═══ Data for review ═══

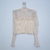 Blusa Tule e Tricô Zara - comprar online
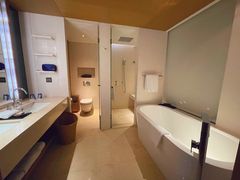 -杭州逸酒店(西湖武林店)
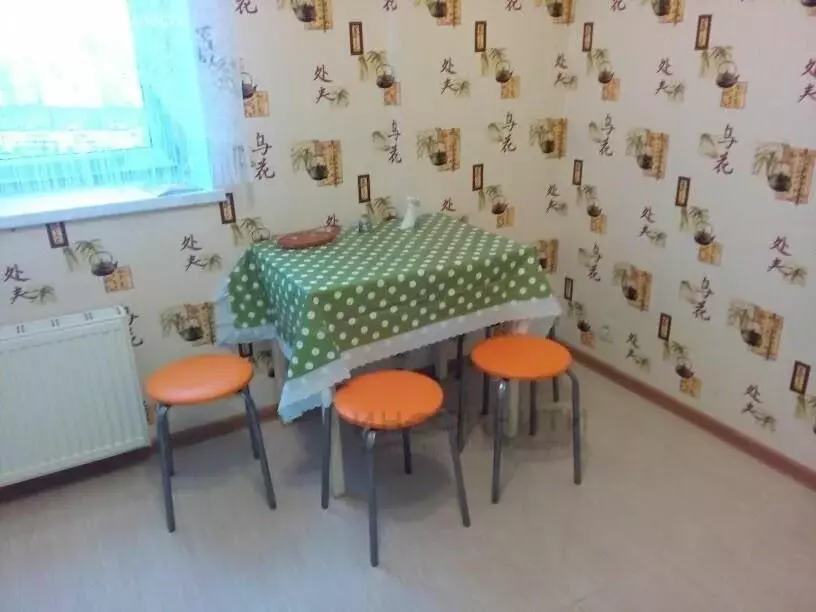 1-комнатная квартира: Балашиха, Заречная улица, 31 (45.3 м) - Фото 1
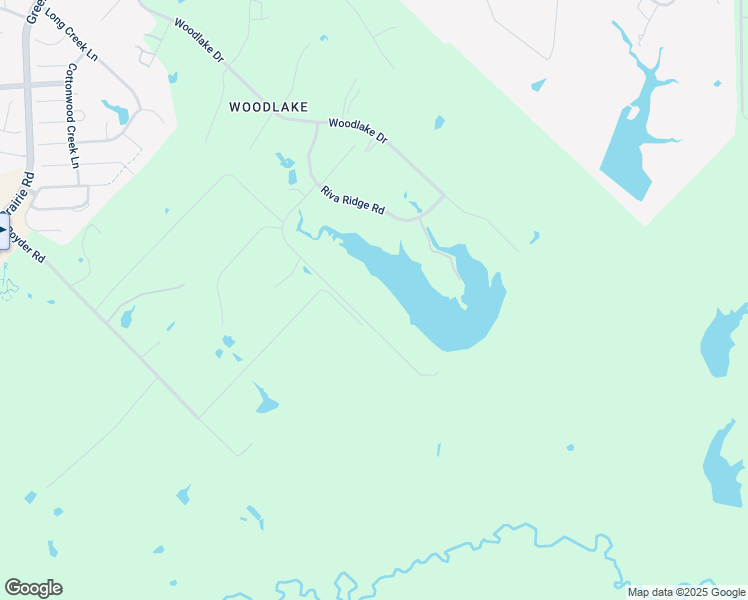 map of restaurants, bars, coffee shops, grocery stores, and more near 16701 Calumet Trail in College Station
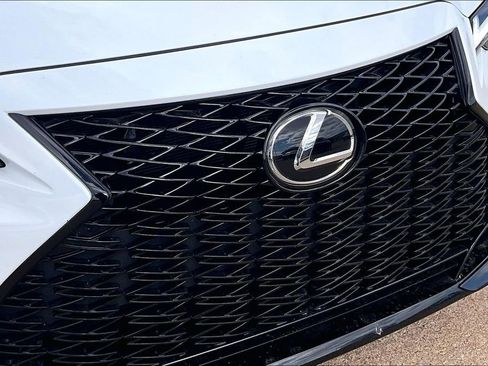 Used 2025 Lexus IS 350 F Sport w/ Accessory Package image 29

═══

Exercise instructions: All the material above should be written out exactly, with images omitted.

Your solution:
 Blusa Tule e Tricô Zara - comprar online
 -杭州逸酒店(西湖武林店)
 1-комнатная квартира: Балашиха, Заречная улица, 31 (45.3 м) - Фото 1
 map of restaurants, bars, coffee shops, grocery stores, and more near 16701 Calumet Trail in College Station
 Used 2025 Lexus IS 350 F Sport w/ Accessory Package image 29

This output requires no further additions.